Ms Cohen: The Family Responsibility and Support Arrears Enforcement Act contained two amendments: one to the Workers' Compensation Act and one to Bill 99 if and when it became law. That amendment deleted a reference to support responsibility officers to issue garnishment orders. The effect of that amendment was to leave the authority to issue garnishment orders in court. Because we have included those amendments in the government motions to Bill 99 in schedule A, we are repealing these sections in the Family Responsibility and Support Arrears Enforcement Act to be no longer necessary.

Mr Christopherson: This would of course be the infamous Attorney General's family support plan. That was your bungle of last year when you had literally tens of thousands, mostly women and children, who weren't receiving money, spouse support payments that spouses had already paid into the system. But because you shut down all the offices to help pay for your tax cut, all that money was backed up and never distributed. Would that be the same plan?

Mr Joseph Spina (Brampton North): It is not germane to the motion.

Mr Maves: My understanding is that more people right now are receiving payments than ever have before in the history of the support plan.

Mr Christopherson: Do you know how many people were put through the wringer as a result of what you guys did?

The Chair: We're dealing with the Workers' Compensation Act, please.

Mr Christopherson: You were told ahead of time that was going to happen to those women and children and you ignored it and did it anyway.

The Chair: Let's return to the act, please. Further questions and comments? Seeing none, I put the question. Shall the amendment carry?

Ayes

Jordan, Maves, O'Toole, Spina, Stewart.

Nays

Christopherson, Galt, Hoy, Ouellette, Patten.

The Chair: Mr Hastings, were you voting in favour of or opposed to this motion, or abstaining?

Mr John Hastings (Etobicoke-Rexdale): I'm abstaining because I wasn't here to vote on the amendment.

The Chair: Shall section 18, as amended, carry? Recorded vote, please.

Ayes

Galt, Hastings, Jordan, Maves, Ouellette, O'Toole, Spina, Stewart.

Nays

Christopherson, Hoy, Patten.

The Chair: Moving then to section 19, page 9, a government motion, please.
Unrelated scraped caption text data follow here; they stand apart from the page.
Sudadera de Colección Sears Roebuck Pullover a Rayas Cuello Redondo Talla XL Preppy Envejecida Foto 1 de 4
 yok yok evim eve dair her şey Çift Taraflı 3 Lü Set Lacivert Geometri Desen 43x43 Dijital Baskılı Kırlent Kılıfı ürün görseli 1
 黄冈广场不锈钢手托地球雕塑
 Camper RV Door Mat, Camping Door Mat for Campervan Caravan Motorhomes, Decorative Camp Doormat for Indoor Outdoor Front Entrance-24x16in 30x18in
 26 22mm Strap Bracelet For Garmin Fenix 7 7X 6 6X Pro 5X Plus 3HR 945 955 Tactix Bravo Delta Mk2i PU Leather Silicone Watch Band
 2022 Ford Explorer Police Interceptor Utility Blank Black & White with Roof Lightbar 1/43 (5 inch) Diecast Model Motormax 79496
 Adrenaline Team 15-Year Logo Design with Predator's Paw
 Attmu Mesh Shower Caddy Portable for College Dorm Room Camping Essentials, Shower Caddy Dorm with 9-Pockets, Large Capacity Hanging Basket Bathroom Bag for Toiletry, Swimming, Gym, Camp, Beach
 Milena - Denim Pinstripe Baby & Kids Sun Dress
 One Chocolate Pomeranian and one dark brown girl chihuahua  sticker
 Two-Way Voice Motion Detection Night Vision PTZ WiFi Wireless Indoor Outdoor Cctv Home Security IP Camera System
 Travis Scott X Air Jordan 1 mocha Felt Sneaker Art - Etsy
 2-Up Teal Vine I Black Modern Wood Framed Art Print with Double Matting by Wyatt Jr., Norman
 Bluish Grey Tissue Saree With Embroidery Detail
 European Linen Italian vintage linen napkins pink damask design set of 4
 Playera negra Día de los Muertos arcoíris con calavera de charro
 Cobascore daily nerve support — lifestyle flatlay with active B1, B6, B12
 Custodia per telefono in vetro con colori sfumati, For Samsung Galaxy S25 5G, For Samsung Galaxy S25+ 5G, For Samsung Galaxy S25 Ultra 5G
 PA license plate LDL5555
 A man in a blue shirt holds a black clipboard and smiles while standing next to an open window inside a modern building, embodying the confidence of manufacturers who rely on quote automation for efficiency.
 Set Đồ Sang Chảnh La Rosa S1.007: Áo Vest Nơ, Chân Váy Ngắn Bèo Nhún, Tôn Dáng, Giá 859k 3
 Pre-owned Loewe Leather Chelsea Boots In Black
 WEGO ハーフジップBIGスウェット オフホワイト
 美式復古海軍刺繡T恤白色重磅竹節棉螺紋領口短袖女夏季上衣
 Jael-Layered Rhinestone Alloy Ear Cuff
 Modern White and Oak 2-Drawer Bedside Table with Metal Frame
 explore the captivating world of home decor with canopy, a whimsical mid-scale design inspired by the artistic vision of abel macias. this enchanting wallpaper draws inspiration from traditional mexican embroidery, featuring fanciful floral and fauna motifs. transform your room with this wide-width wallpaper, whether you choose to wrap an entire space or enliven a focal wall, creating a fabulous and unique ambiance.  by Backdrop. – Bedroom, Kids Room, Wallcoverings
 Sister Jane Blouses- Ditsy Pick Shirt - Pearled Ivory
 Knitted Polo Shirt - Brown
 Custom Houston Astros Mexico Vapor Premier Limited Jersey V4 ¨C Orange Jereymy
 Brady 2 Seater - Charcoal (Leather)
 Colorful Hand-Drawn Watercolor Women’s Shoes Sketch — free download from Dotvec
Mr Maves: I move that section 19 of the bill be struck out and the following substituted:

"Commencement

"19(1) This act, except for subsection 2(11), comes into force on January 1, 1998.

"Same

"(2) Subsection 2(11) shall be deemed to have come into force on April 1, 1997."

The amendment is a consequential change to reflect the expected new in-force date of the act, January 1, 1998, and clarifies that the amendment to section 22 of the Occupational Health and Safety Act, which removes the cap on the level of funding, comes into force on April 1, 1997.

Mr Christopherson: On the second question, would you just expand on that a little in terms of what that does?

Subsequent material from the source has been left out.